> Exercise prompt:
Find the line containing "Great striped bass" in the entries; transcribe it and all remaining lines through the end, exactly as they appear, but not the pictures.

> Captioned web images:
★ ★ ★ ★ ★

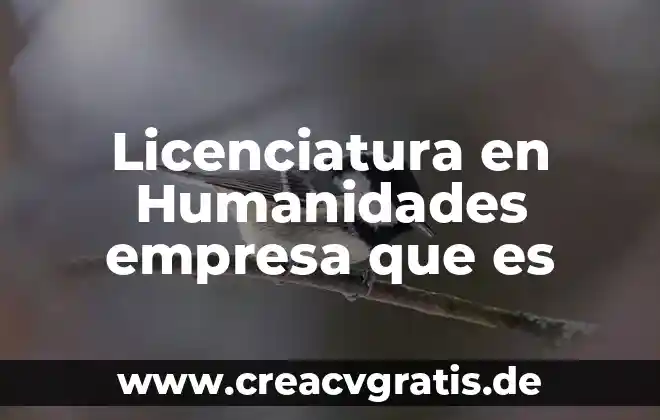 Que es sistemas de la empresa 4 Licenciatura en Humanidades empresa que es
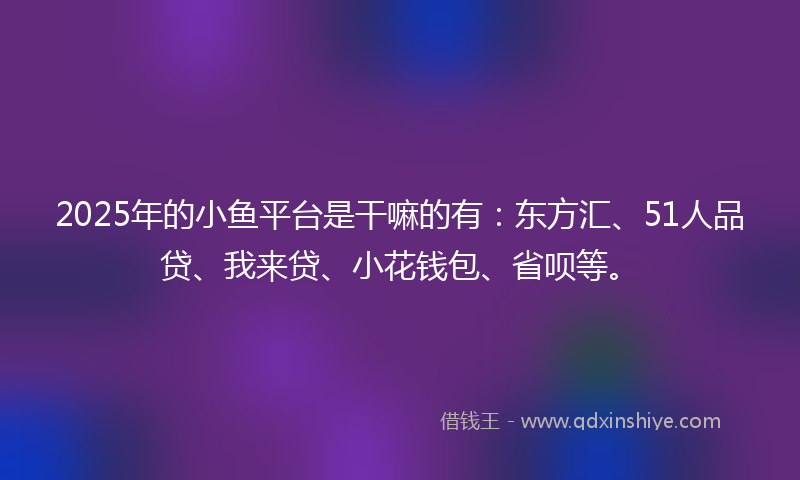 2025年的小鱼平台是干嘛的有：东方汇、51人品贷、我来贷、小花钱包、省呗等。
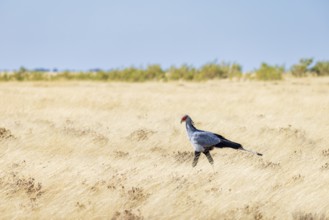 Secretarybird (Sagittarius serpentarius), Endangered, IUCN Red List, walks through the savannah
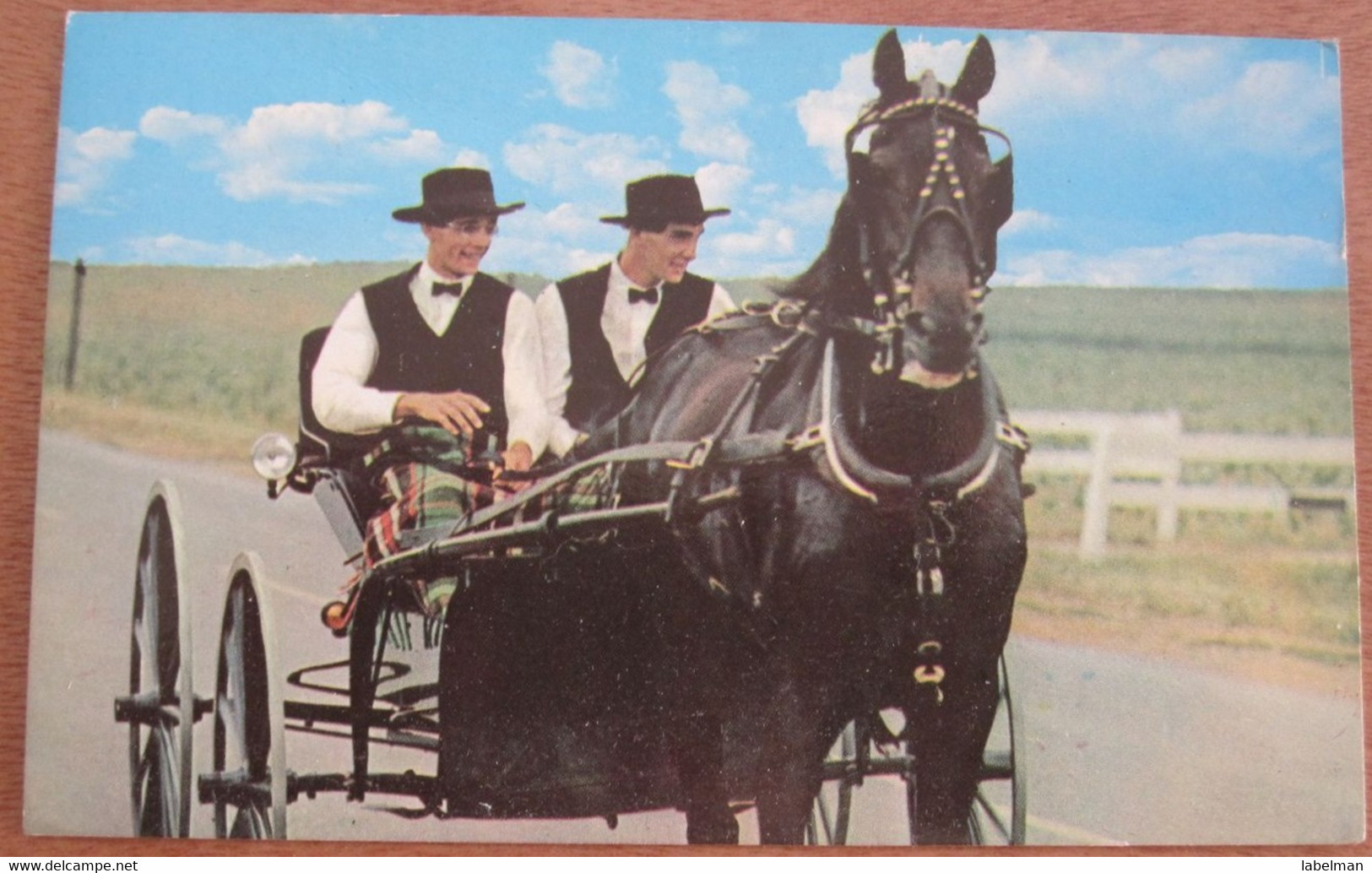 AMISH COUNTRY COURTING BUGGY CARD USA UNITED STATES POST ANSICHTSKARTE CARTOLINA POSTCARD PC STAMP - San Jose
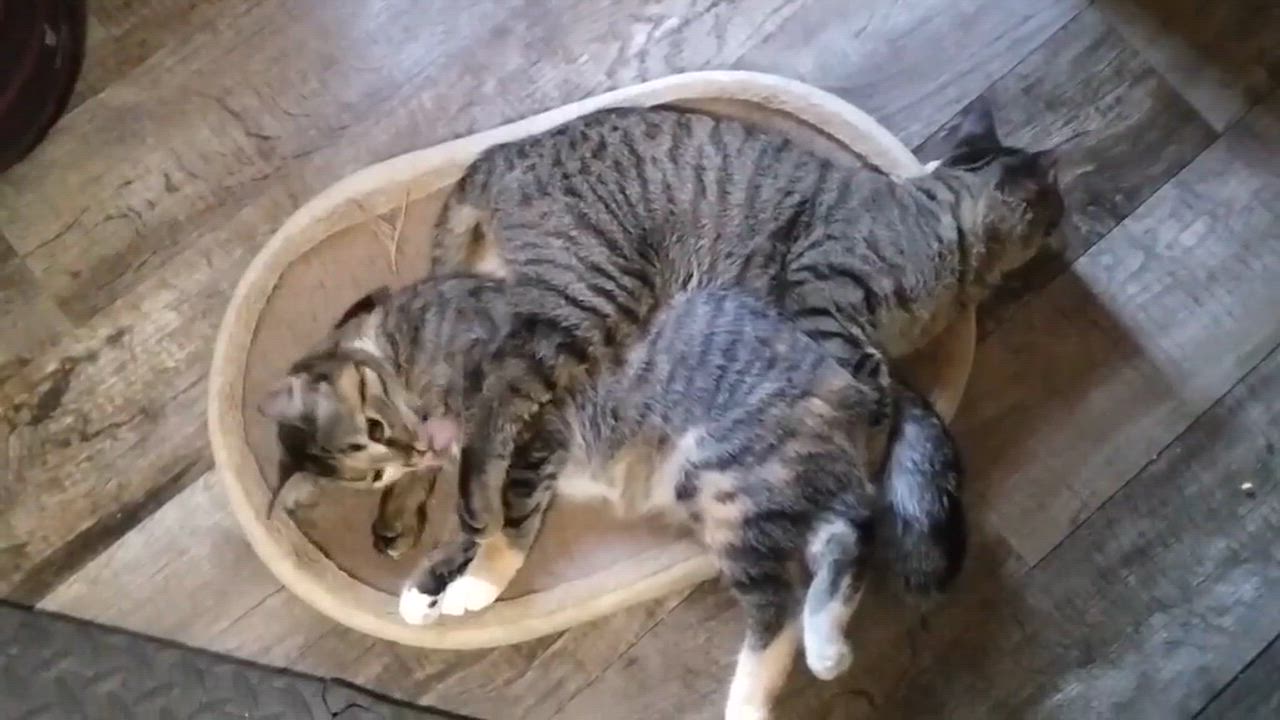 Enlarge Linus and Lucy, CH Kitties-Bonded Pair, a Adoptable Domestic Short Hair in Mears, MI video 5/5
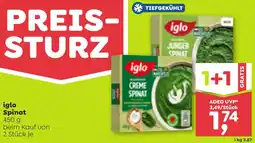 ADEG Iglo Spinat Angebot
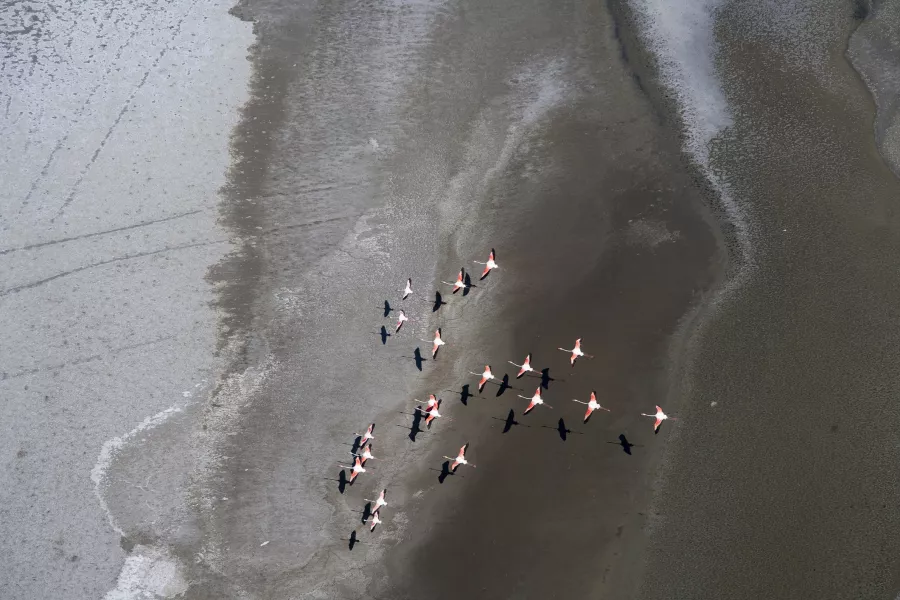 Flamingoes above Lake Natron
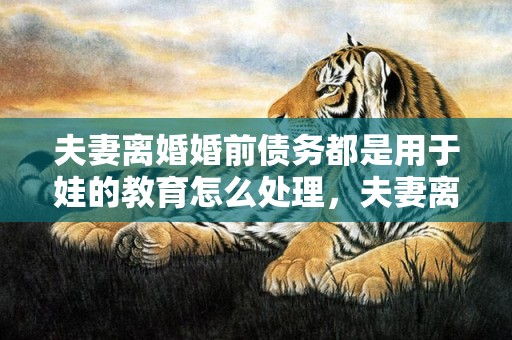 夫妻离婚婚前债务都是用于娃的教育怎么处理，夫妻离婚,婚前债务怎么办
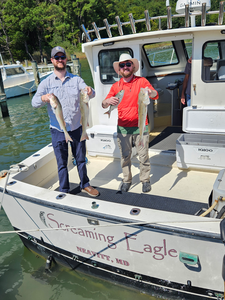 Great striped bass action using light tackle and trolling techniques!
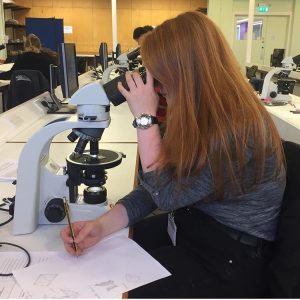 Photo of girl looking into microscope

★ ★ ★ ★ ★

> Task answer:
 Great striped bass action using light tackle and trolling techniques!
 Photo of girl looking into microscope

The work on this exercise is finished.